- **What the task asks**:
What you return must be the full listing, word for word, with no images in it.
Data below Start Marker
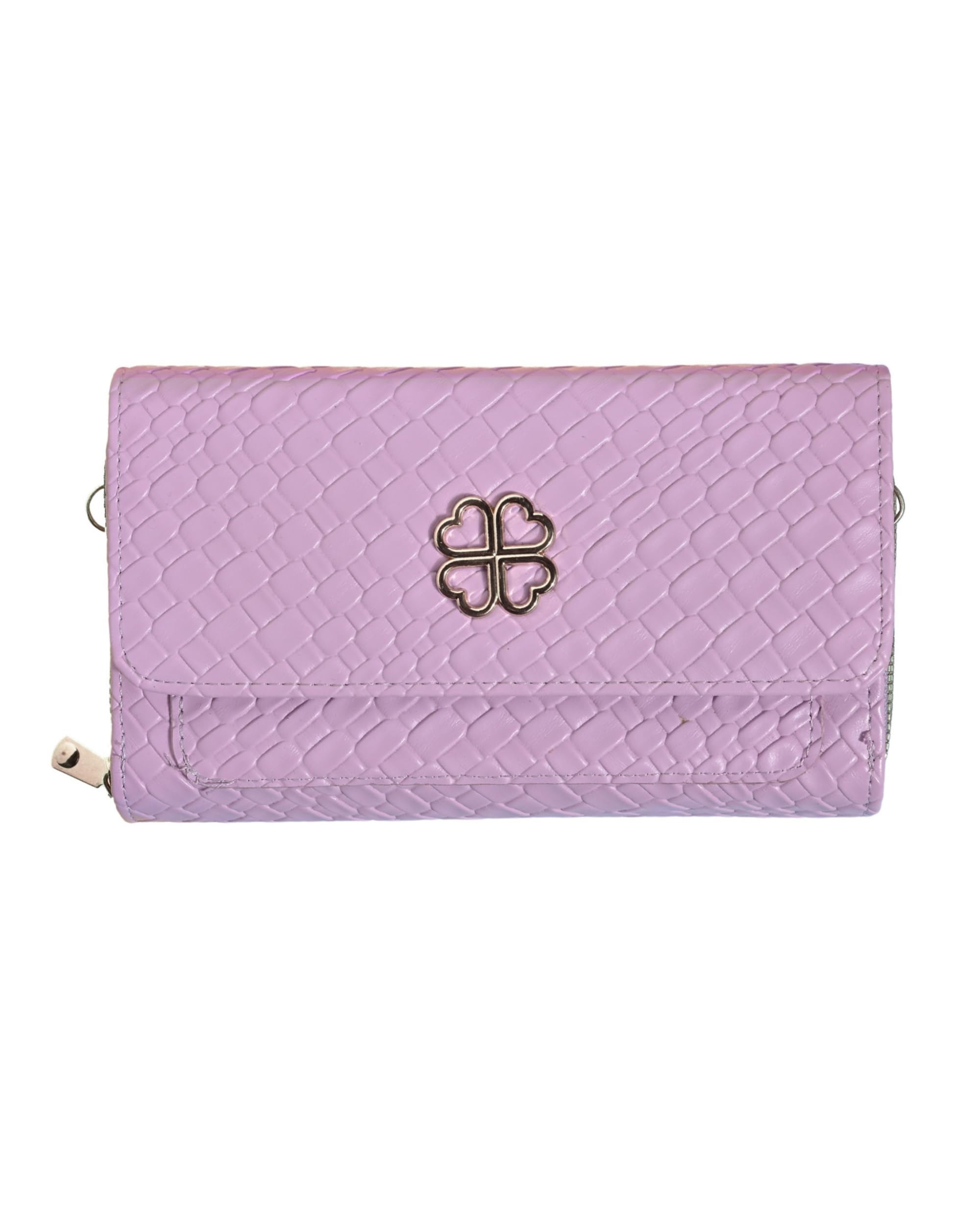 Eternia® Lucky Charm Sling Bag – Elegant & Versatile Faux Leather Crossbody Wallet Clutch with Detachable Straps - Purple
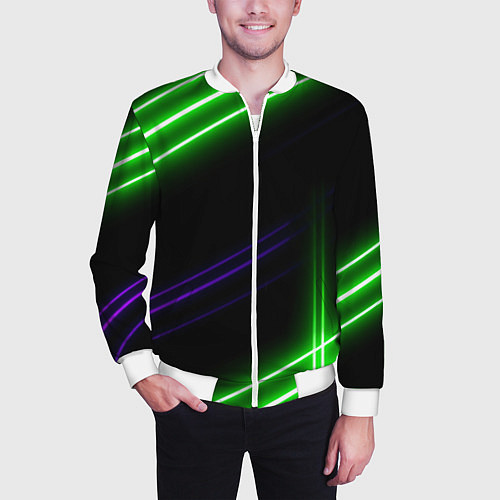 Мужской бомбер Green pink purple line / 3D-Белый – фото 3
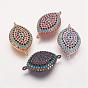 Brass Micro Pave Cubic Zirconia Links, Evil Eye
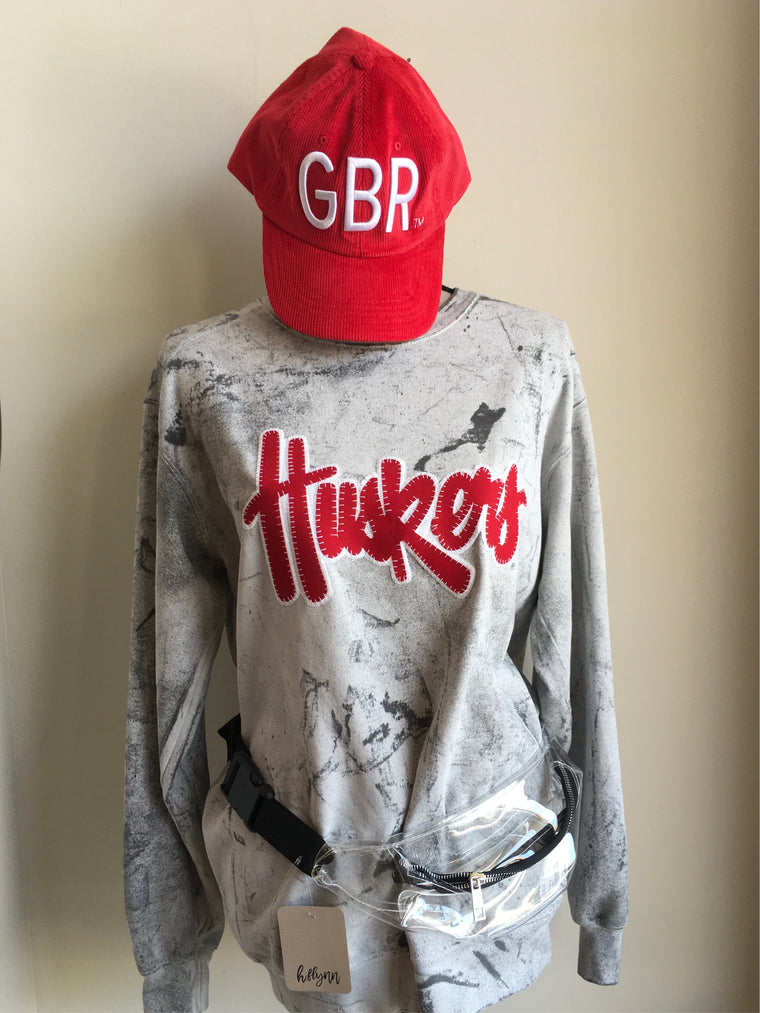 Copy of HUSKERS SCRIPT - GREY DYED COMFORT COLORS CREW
Data below End Marker
- **Answer**:
 Eternia® Lucky Charm Sling Bag – Elegant & Versatile Faux Leather Crossbody Wallet Clutch with Detachable Straps - Purple
 Мужской бомбер Green pink purple line / 3D-Белый – фото 3
 Brass Micro Pave Cubic Zirconia Links, Evil Eye
 Copy of HUSKERS SCRIPT - GREY DYED COMFORT COLORS CREW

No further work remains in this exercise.